Richard Drew/AP Photo
A TV screen on the floor of the New York Stock Exchange, December 13, 2019, shows a press announcement in China. Markets had a muted reaction to news Friday that the U.S. and China had reached an initial deal on trade.
While Democrats were focused on the details of the NAFTA negotiation, some of which represented genuine progress, Trump was focused on the headlines. Next year, as Democrats in the heartland claim credit for compelling Trump to agree to a better NAFTA, Trump will upstage them as the president who delivered the deal and got Democrats to vote for it.
Advantage, Trump.
And while the NAFTA deal provides new enforcement for labor rights in principle, the devil is in the details. This is an administration deeply committed to destroying the labor movement, except when it’s convenient for Trump to have a photo op with Rich Trumka. The new provisions are unlikely to make a significant difference.
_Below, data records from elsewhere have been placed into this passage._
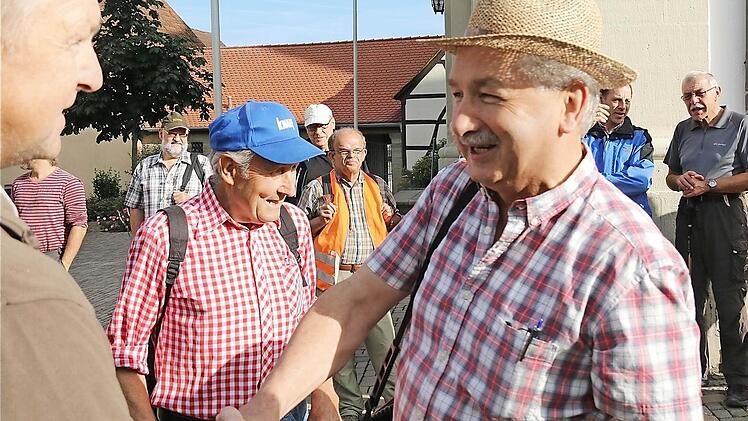 Detlef Heim, Ortsobmann Lothar Pfülb und Bürgermeister Peter Hart tauschen sich bei der Wanderung aus.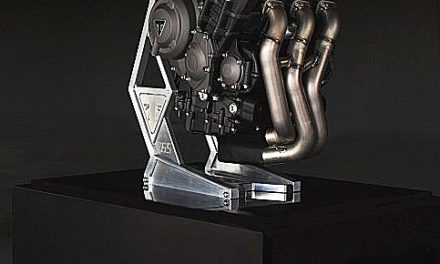 Triumph en Moto2 con su motor 675 cc 3 cilindros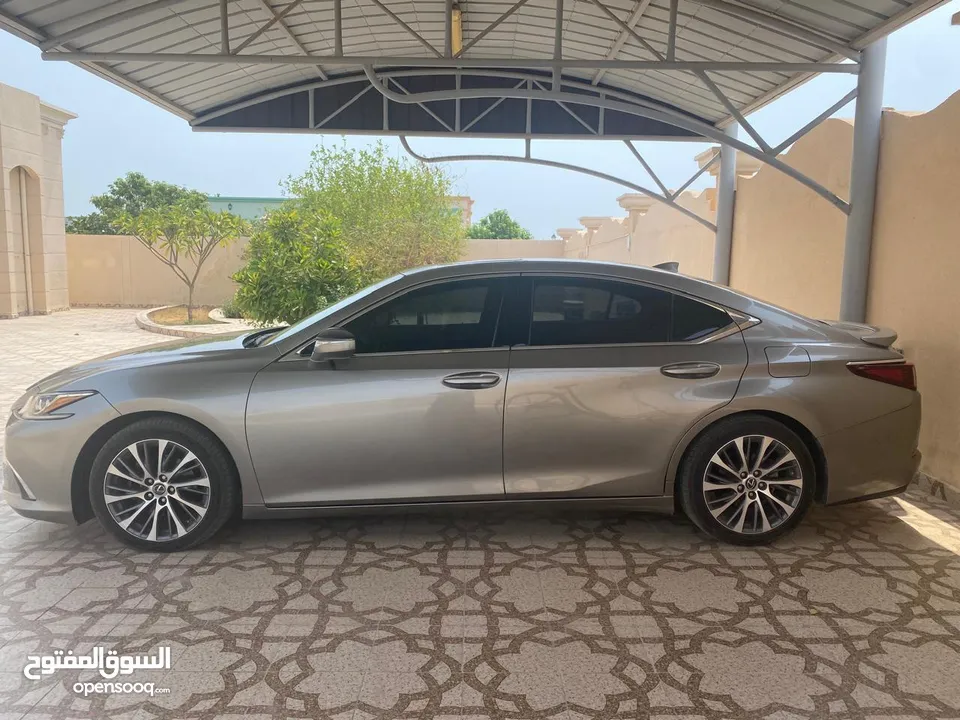 لكزس ES 350 قمة الفخامة والنظافة LEXUS ES350 LUXURY Very Clean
Trump’s China deal, meanwhile, is a transparent fraud, but may also end up as a political winner. His agreement to call off the tariff war that he instigated allows him to declare victory. But the deal makes no real enforceable progress on restraining the intellectual-property thefts, export subsidies, and coerced technology transfer abuses that are at the root of the trade conflict.
Trump has basically sold out the national interest for a hill of soybeans. But the increased farm purchases—China’s only real “concession”—will play nicely in the Midwest in 2020.
The man may be an aspiring dictator and a sociopath, but he knows something about manipulating politics and public opinion. Too many Democrats set themselves up for a fake populist by getting into bed with Wall Street on trade policy. Trump did not come to power, or use power, in a vacuum.